Yuting Feng et al. Int J Mol Sci. .

Abstract

The infection of a mammalian host by the pathogenic fungus Candida albicans involves fungal resistance to reactive oxygen species (ROS)-induced DNA damage stress generated by the defending macrophages or neutrophils. Thus, the DNA damage response in C. albicans may contribute to its pathogenicity. Uncovering the transcriptional changes triggered by the DNA damage-inducing agent MMS in many model organisms has enhanced the understanding of their DNA damage response processes. However, the transcriptional regulation triggered by MMS remains unclear in C. albicans. Here, we explored the global transcription profile in response to MMS in C. albicans and identified 306 defined genes whose transcription was significantly affected by MMS. Only a few MMS-responsive genes, such as MGT1, DDR48, MAG1, and RAD7, showed potential roles in DNA repair. GO term analysis revealed that a large number of induced genes were involved in antioxidation responses, and some downregulated genes were involved in nucleosome packing and IMP biosynthesis. Nevertheless, phenotypic assays revealed that MMS-induced antioxidation gene CAP1 and glutathione metabolism genes GST2 and GST3 showed no direct roles in MMS resistance. Furthermore, the altered transcription of several MMS-responsive genes exhibited RAD53-related regulation.
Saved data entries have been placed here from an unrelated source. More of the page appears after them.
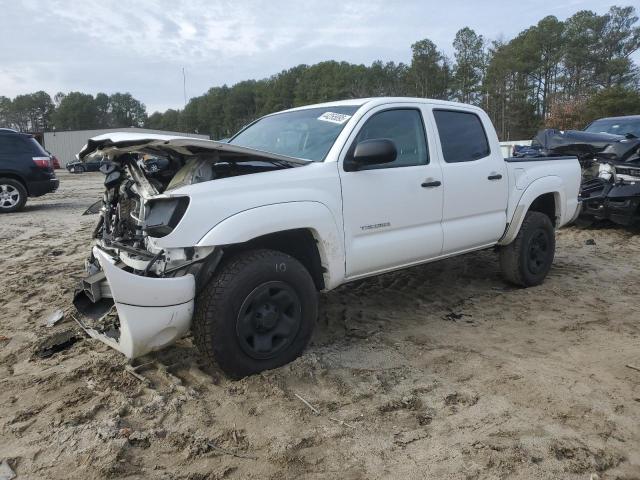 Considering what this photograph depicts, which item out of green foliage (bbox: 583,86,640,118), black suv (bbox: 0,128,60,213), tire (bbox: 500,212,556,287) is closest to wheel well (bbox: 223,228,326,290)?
tire (bbox: 500,212,556,287)

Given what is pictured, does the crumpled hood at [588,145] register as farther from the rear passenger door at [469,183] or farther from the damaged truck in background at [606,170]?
the rear passenger door at [469,183]

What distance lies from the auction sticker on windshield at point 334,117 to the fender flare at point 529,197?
213cm

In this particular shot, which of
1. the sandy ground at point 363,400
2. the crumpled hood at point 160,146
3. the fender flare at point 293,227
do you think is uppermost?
the crumpled hood at point 160,146

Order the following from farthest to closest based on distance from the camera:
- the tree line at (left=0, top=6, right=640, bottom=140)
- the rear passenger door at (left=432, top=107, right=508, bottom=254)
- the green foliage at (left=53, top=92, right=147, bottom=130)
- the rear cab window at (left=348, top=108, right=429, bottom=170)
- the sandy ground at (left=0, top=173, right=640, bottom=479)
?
the green foliage at (left=53, top=92, right=147, bottom=130), the tree line at (left=0, top=6, right=640, bottom=140), the rear passenger door at (left=432, top=107, right=508, bottom=254), the rear cab window at (left=348, top=108, right=429, bottom=170), the sandy ground at (left=0, top=173, right=640, bottom=479)

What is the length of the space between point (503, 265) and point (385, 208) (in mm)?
2108

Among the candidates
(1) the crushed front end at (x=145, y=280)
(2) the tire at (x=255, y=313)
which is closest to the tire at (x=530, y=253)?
(2) the tire at (x=255, y=313)

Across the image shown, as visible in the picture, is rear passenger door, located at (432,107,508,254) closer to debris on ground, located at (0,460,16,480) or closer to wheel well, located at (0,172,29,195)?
debris on ground, located at (0,460,16,480)

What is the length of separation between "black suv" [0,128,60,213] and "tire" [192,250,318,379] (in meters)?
9.45

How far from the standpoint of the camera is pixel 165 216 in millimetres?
2830

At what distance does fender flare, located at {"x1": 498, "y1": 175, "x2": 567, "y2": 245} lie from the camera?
4.88 m

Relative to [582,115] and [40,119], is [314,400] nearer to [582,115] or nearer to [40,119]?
[582,115]

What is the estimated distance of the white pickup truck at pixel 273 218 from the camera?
282 centimetres

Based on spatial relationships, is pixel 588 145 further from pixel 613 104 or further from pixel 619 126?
pixel 613 104

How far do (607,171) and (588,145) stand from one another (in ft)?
1.69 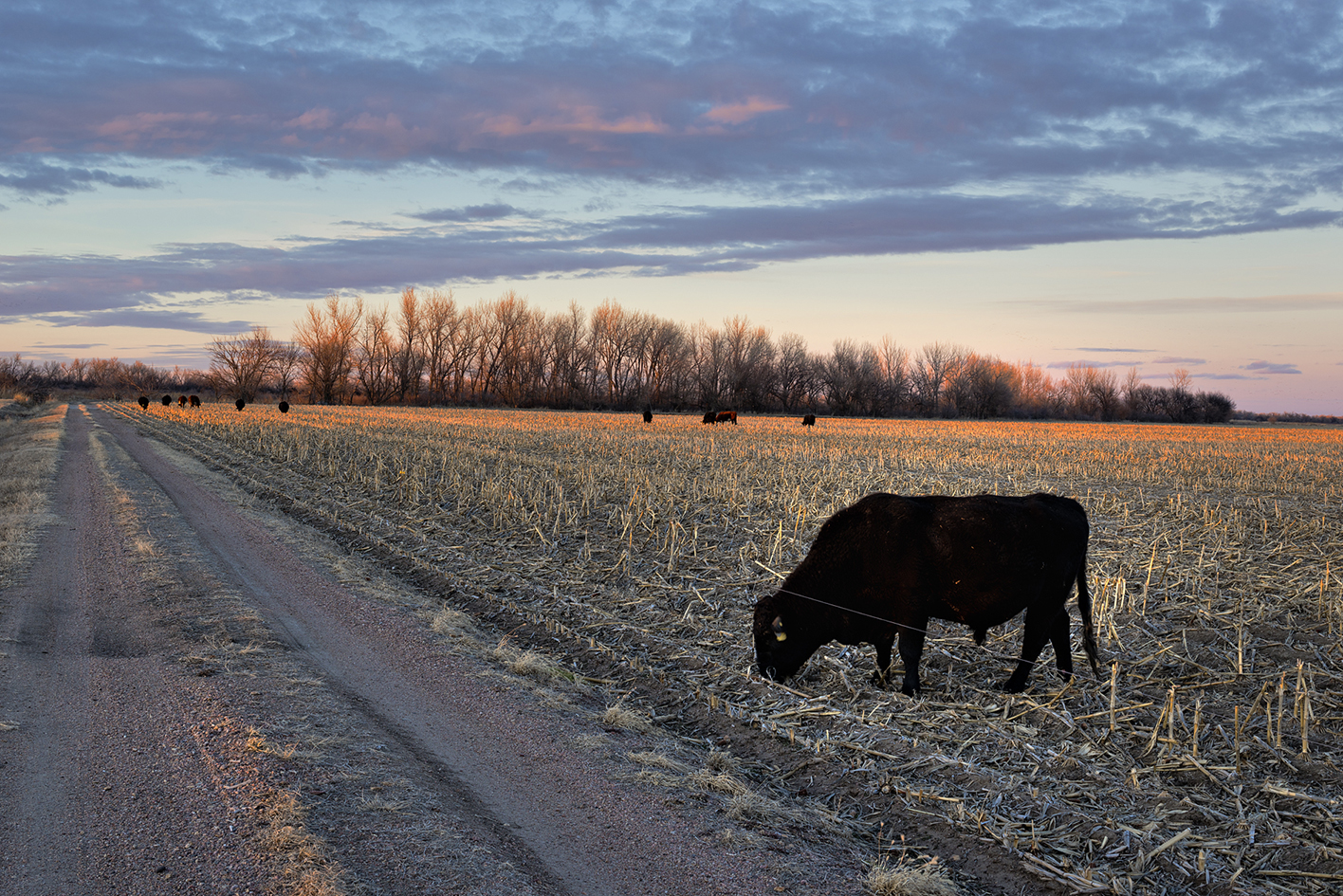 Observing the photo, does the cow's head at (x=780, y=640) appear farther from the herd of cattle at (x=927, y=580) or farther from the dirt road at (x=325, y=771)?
the dirt road at (x=325, y=771)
Intriguingly, the transcription profile in response to MMS in C. albicans shared a limited similarity with the pattern in S. cerevisiae, including COX17, PRI2, and MGT1. Overall, C. albicans cells exhibit global transcriptional changes to the DNA damage agent MMS; these findings improve our understanding of this pathogen's DNA damage response pathways.

Keywords: Candida albicans; DNA damage response; RNA-seq; Rad53; methyl methanesulfonate.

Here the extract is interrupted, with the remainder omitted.